* COLLECTED MATERIAL:

'''

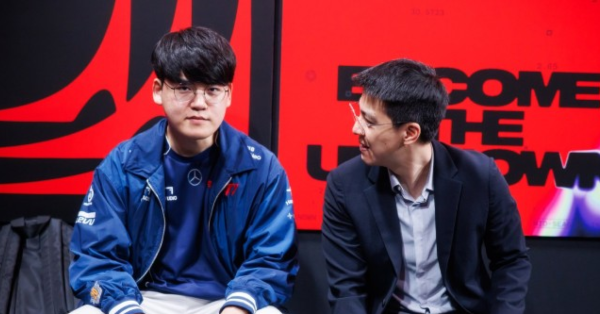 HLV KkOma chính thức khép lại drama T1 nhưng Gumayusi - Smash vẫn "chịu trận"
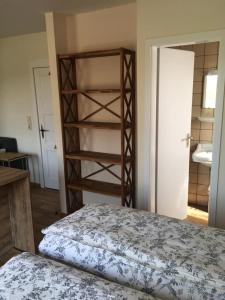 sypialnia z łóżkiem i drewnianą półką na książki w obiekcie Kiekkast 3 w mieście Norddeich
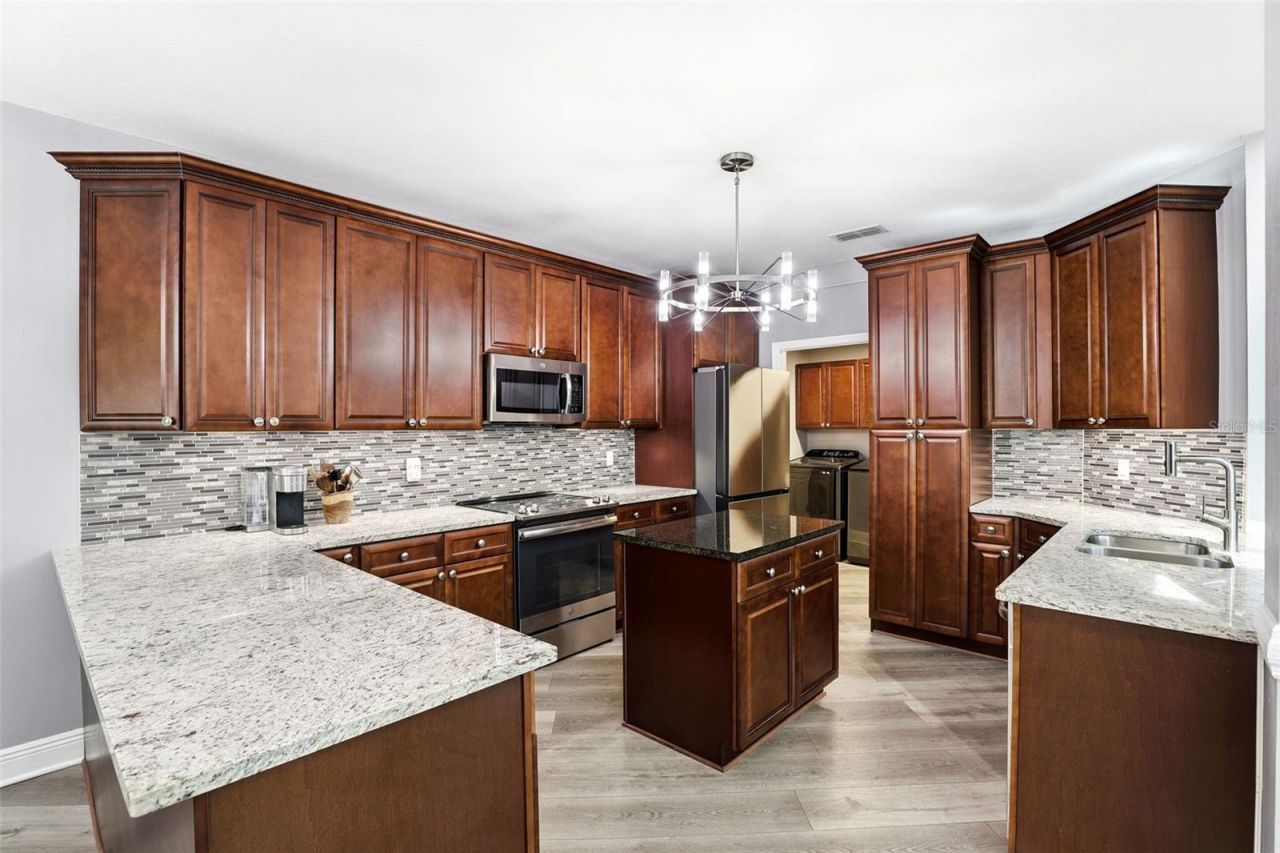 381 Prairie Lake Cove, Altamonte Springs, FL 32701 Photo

'''

* PROBLEM STATEMENT:
What is needed is a word-for-word copy of the data, minus its pictures.

* EXPECTED ANSWER:
 HLV KkOma chính thức khép lại drama T1 nhưng Gumayusi - Smash vẫn "chịu trận"
 sypialnia z łóżkiem i drewnianą półką na książki w obiekcie Kiekkast 3 w mieście Norddeich
 381 Prairie Lake Cove, Altamonte Springs, FL 32701 Photo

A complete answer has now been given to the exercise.